Dovzhenko’s tragic fate: he was banned from living in Ukraine, which he loved with all his heart. This is an example of how talented Ukrainians were treated in the USSR. Oleksandr Dovzhenko was unhappy for most of his life and died in poverty.
The family in which Oleksandr Dovzhenko was born is the most vivid illustration of the plight of the Ukrainian village in the late 19th and early 20th centuries. Out of 14 children in the family, only he and his sister Polina survived. Four brothers died on the same day from some kind of illness. And this is despite the fact that the family was not the poorest – life in the village was just extremely difficult.
Oleksandr Petrovych began his career as an artist notably as a caricaturist.
Forced to live in Moscow, Oleksandr Dovzhenko missed Ukraine incredibly. “I will die in Moscow without ever seeing Ukraine,” he wrote in his diary in 1945, “Before I die, I will ask Stalin to take my heart out of my chest and bury it in my native land in Kyiv somewhere above the Dnipro River on a hill”.

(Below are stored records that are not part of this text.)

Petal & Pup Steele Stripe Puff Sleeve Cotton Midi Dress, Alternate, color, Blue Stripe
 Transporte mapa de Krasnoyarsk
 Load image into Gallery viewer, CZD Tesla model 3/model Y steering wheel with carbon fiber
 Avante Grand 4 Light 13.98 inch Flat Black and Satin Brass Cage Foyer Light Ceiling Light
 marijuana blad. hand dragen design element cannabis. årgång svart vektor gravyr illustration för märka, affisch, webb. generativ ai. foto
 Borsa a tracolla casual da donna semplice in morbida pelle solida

The longing for his homeland killed him. Shortly before his death in 1956, he wrote to the presidium of the Writers’ Council of Ukraine: “I don’t need anything anymore – no film studio, no job, just help me move to Ukraine. I don’t need a big apartment. I just need at least one window to look out into the distance. I want to see the Dnipro River, the Desna somewhere below the horizon, and my native Chernihiv lands, which have been appearing so persistently in my dreams.” There was no answer. Dovzhenko was buried at the Novodevichy Cemetery in Moscow.